Exercise details
Your output should be the lines below from the one with "Spyderco C101GPBBK2 Manix" through the one with "Pinko Intricate Patterned", copied exactly, pictures excluded.
-- Data shown follows --
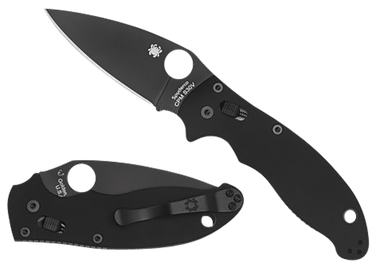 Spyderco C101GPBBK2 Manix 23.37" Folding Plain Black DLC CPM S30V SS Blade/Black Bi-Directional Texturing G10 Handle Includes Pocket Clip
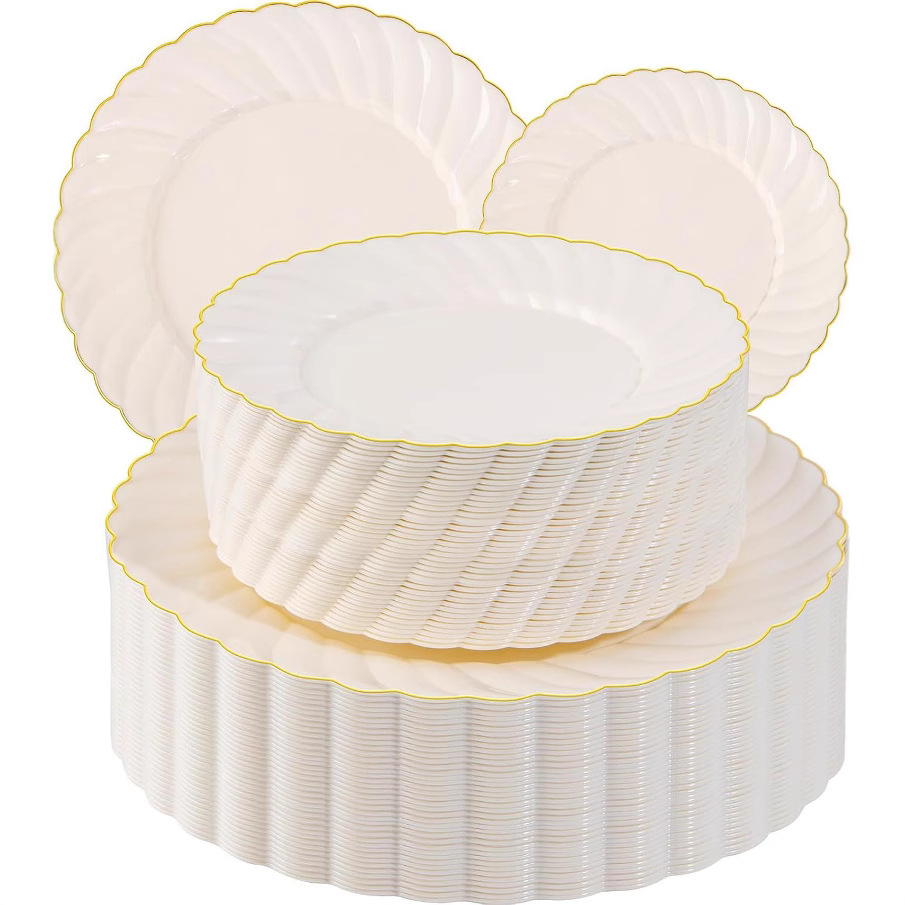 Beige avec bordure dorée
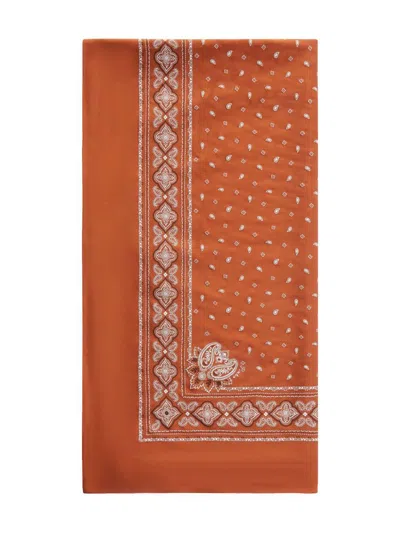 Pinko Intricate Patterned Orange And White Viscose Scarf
-- Data shown concluded --
-- Data shown follows --
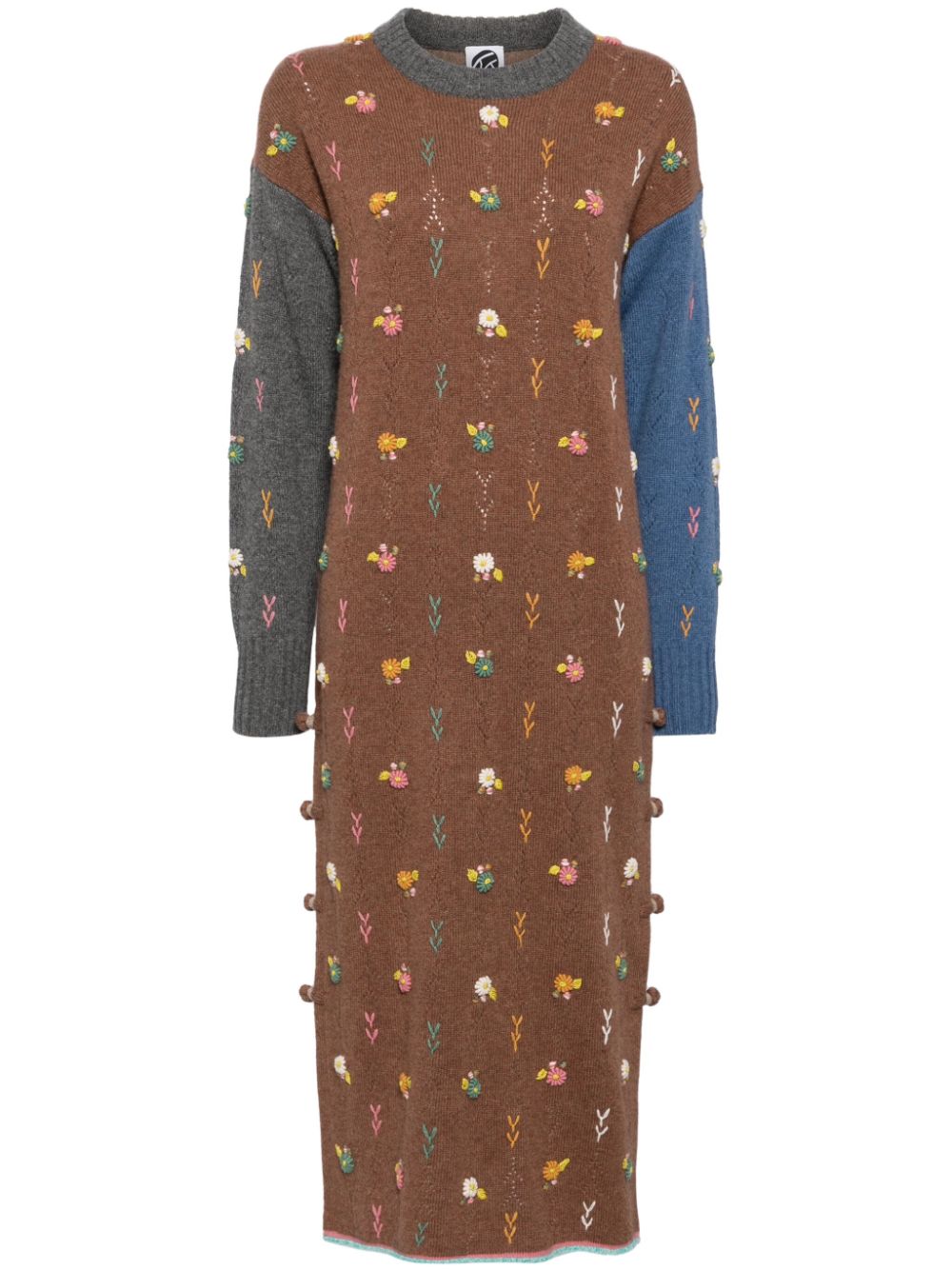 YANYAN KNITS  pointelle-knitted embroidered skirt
-- Data shown concluded --
-- Data shown follows --
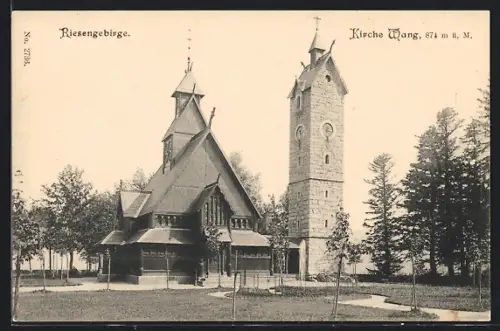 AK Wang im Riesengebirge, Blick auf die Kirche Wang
-- Data shown concluded --
Answer to this task
 Spyderco C101GPBBK2 Manix 23.37" Folding Plain Black DLC CPM S30V SS Blade/Black Bi-Directional Texturing G10 Handle Includes Pocket Clip
 Beige avec bordure dorée
 Pinko Intricate Patterned Orange And White Viscose Scarf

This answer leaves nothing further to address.